Appendix A: Technical Notes

Estimates

Data for indicators are obtained from two types of surveys: universe surveys and sample surveys. In universe surveys, information is collected about every member of the population. When data from an entire population are available, estimates of the total population or a subpopulation are made by simply summing the units in the population or subpopulation. As a result, there is no sampling error, and observed differences are reported as true.

Since a universe survey is often expensive and time consuming, many surveys collect more detailed data from a sample of the population of interest (sample survey). For example, the National Assessment of Educational Progress (NAEP) assesses a representative sample of students rather than the entire population of students. When a sample survey is used, statistical uncertainty is introduced, because the data come from only a portion of the entire population. This statistical uncertainty must be considered when reporting estimates and making comparisons.

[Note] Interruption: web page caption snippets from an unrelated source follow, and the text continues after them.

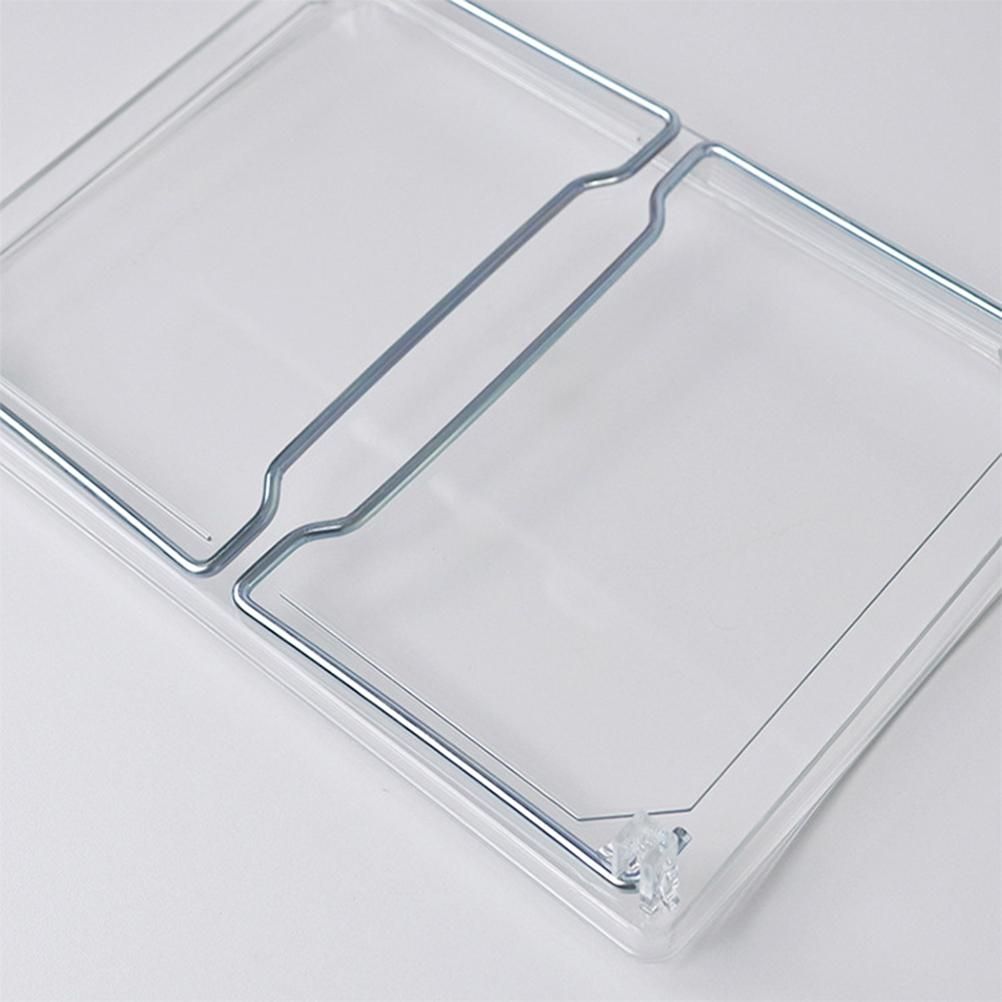 Large Capacity Desktop Storage Rack Clear Acrylic Kitchen Shelf Single Layer Office Desktop File Organizer - Image 5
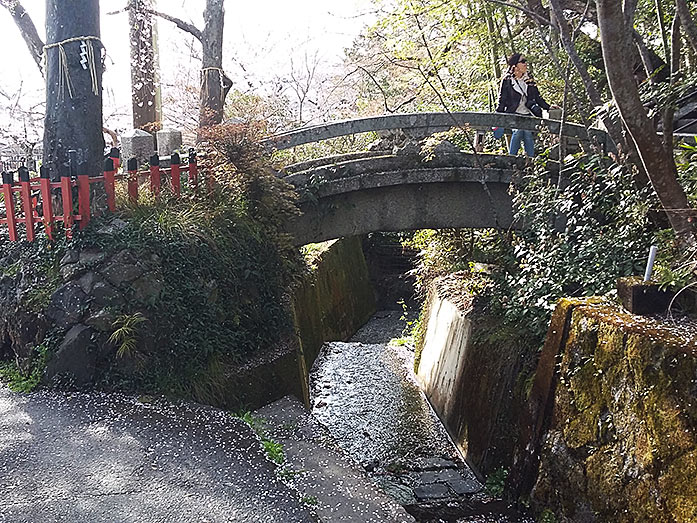 Kumano Nyakuoji-jinja Bridge in Kyoto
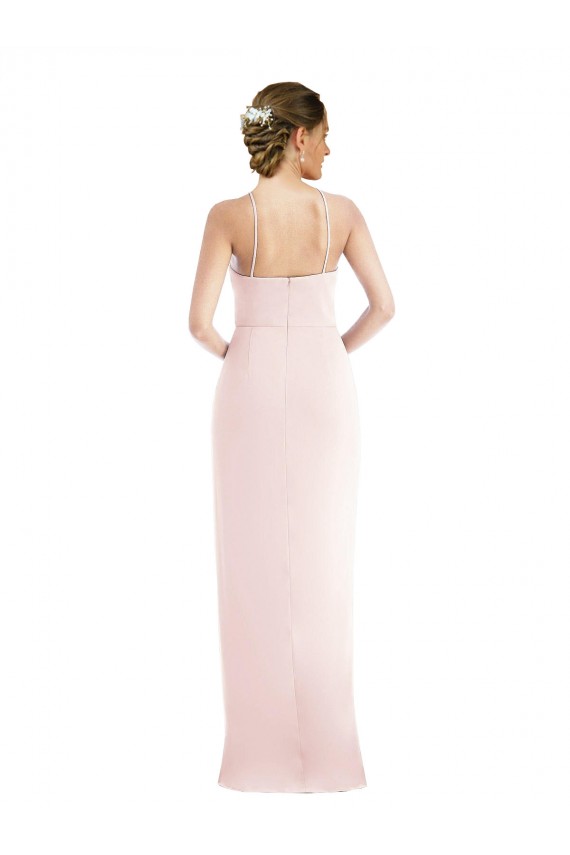 Long Halter Draped Tulip Skirt Homecoming Dress Canada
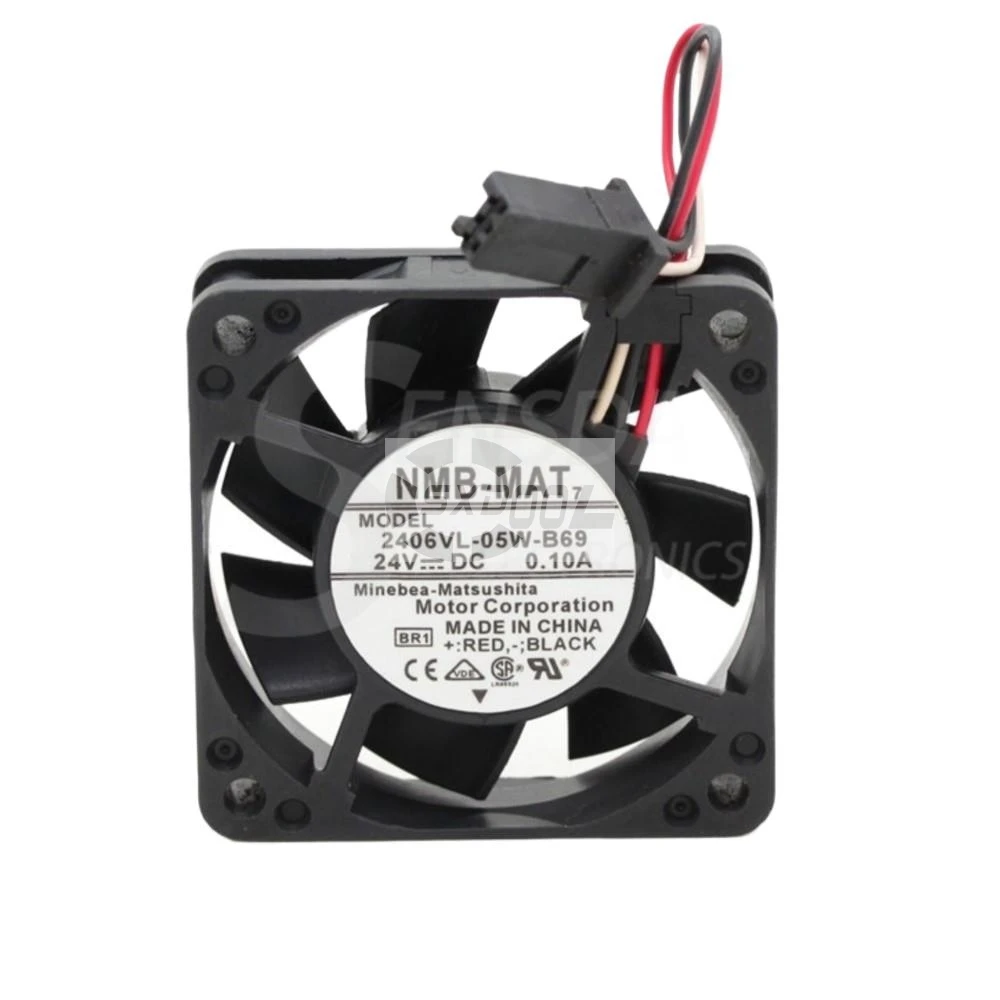 NMB 2406VL-05W-B69 24 В 0 10 А 6015 60 мм водонепроницаемый осевой вентилятор охлаждения для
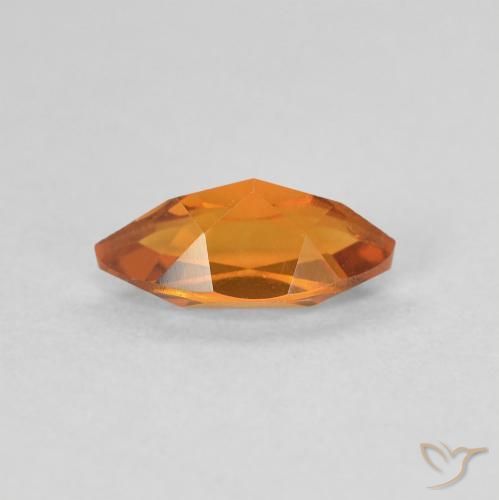 0.58克拉天然黄水晶，榄尖形，VVS-VS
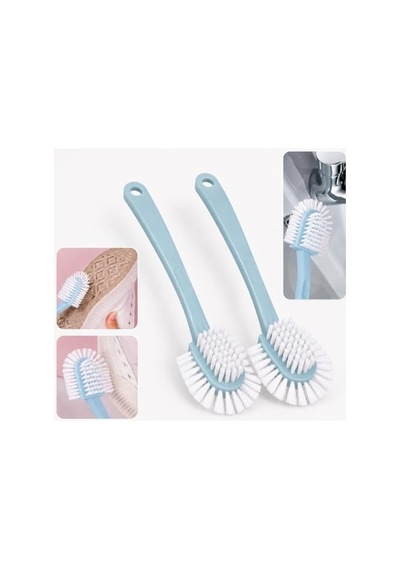 2 Adet Çok Fonksiyonlu Ayakkabı Temizleme Fırçası - Ergonomik Tasarım
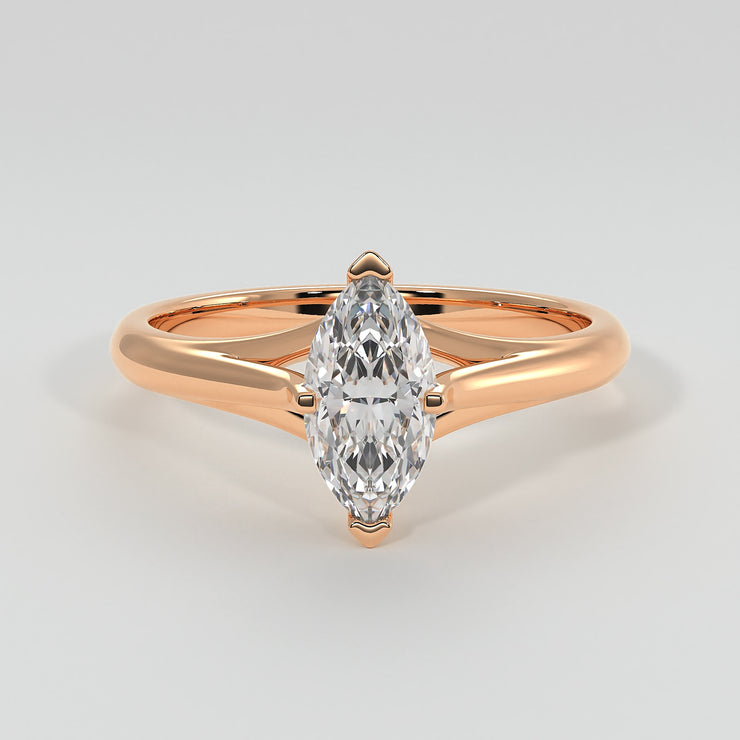 Marquise Diamond Solitaire Engagement Ring - from £1495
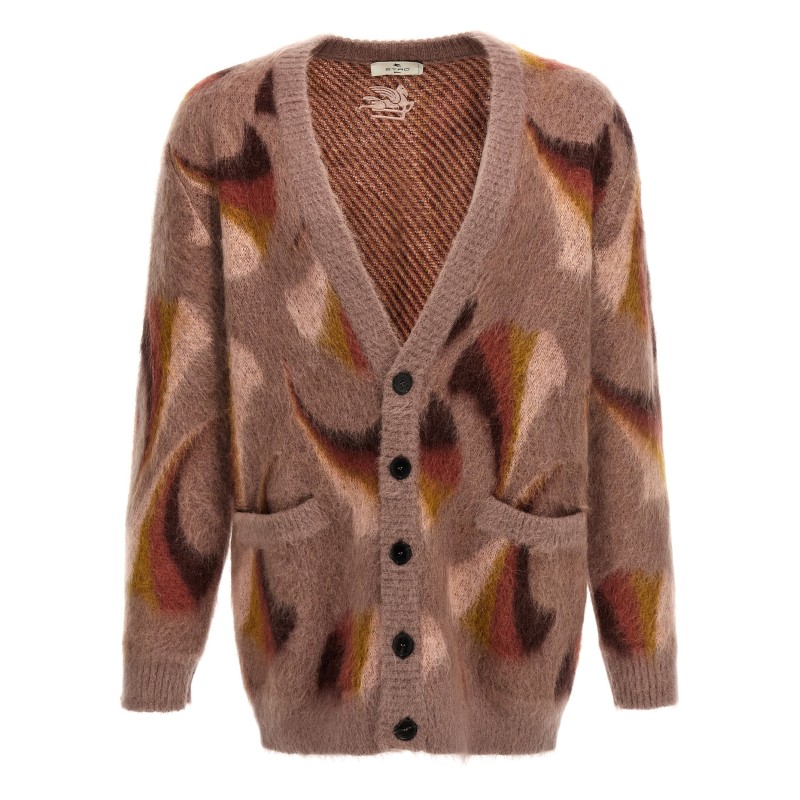 Patterned cardigan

Various types of statistics derived from universe and sample surveys are reported in the indicators. Many indicators report the size of a population or a subpopulation, and often the size of a subpopulation is expressed as a percentage of the total population. In addition, the average (or mean) value of some characteristic of the population or subpopulation may be reported. The average is obtained by summing the values for all members of the population and dividing the sum by the size of the population.

Standard Errors

Using estimates calculated from data based on a sample of the population requires consideration of several factors before differences in the estimates can be described as meaningful. When using data from a sample, some margin of error will always be present in estimations of characteristics of the total population or subpopulation because the data are available from only a portion of the total population. Consequently, data from samples can provide only an approximation of the true or actual value. The margin of error of an estimate, or the range of potential true or actual values, depends on several factors such as the amount of variation in the responses, the size and representativeness of the sample, and the size of the subgroup for which the estimate is computed. The magnitude of this margin of error is measured by what statisticians call the “standard error” of an estimate.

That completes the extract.